Review: "Savage Girl," Jean Zimmerman


By Liz Soares

Hugo Delegate has found the body of his best friend, Beverly Willett, in the study of the Willett’s family home at Gramercy Park, Manhattan. He is accused of murder. In 1876, the penalty for this crime is death. But Hugo is only worried that he will get off. He wants to be convicted.

Though readers will sense the reason for Hugo’s strange attitude after a few chapters, the sorry tale of the privileged Delegate family, and the tragic consequences of their actions, will take the entire novel to unfold.

As the book opens, Hugo is sitting in The Tombs, New York City’s infamous prison. His family has arranged for him to be represented by the esteemed law firm of Howe and Hummel. The attorneys are famous for getting their clients off the hook.

Hugo tells them how he came to be at the scene of the crime. It’s a story that begins a year earlier, in Virginia City, Nevada.

The Delegates have traveled west in their private train, to inspect the silver mine that is the source of their fabulous wealth. Anna Maria and Freddy (Hugo has always called his parents by their first names), out of a lack of any other productive activity, fancy themselves amateur anthropologists. Hugo and his mother make an interesting spectacle as they stroll down the dusty main street of Virginia City accompanied by Ti-Lu, Anna Maria’s Chinese maid, and Tahktoo, a Zuni Berdache, or transvestite.

When the family comes upon a shoddy freak show featuring a "savage girl," the urge to bring her back east with them is irresistible. They have always wanted to keep a "feral child," Hugo relflects.

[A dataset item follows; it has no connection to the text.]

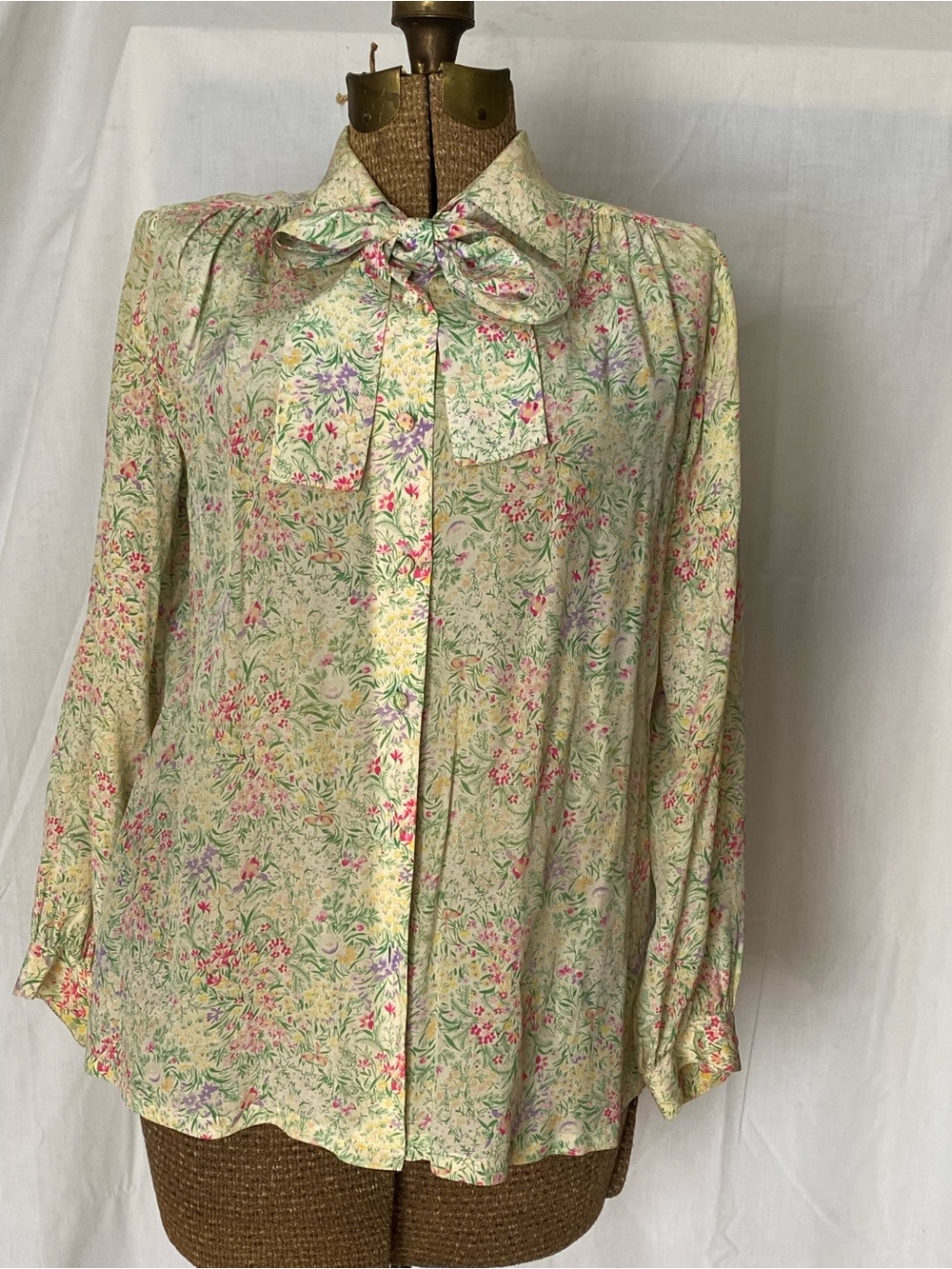 Vintage Silk Floral Tie-Neck Blouse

According to an odd creature, the Sage Hen, who purports to be her guardian, the girl was abandoned in the wild by her parents. In the show, the "savage girl" flicks around long metal claws, growls and shrieks, and then takes a bath in a large tub, which is about as erotic as it gets in 19th century America.

Freddy tries to buy out the show’s organizers, but when that fails, he uses his wiles to wrest the girl from her life on the stage.
   
Eventually, the Delegates learn the girl's name is Bronwyn, and exactly what her story is. Bronwyn appears willing to leave her wild life behind, and enter fully into New York society. This delights Anna Maria, who turns the girl into the most sparkling debutante of the season.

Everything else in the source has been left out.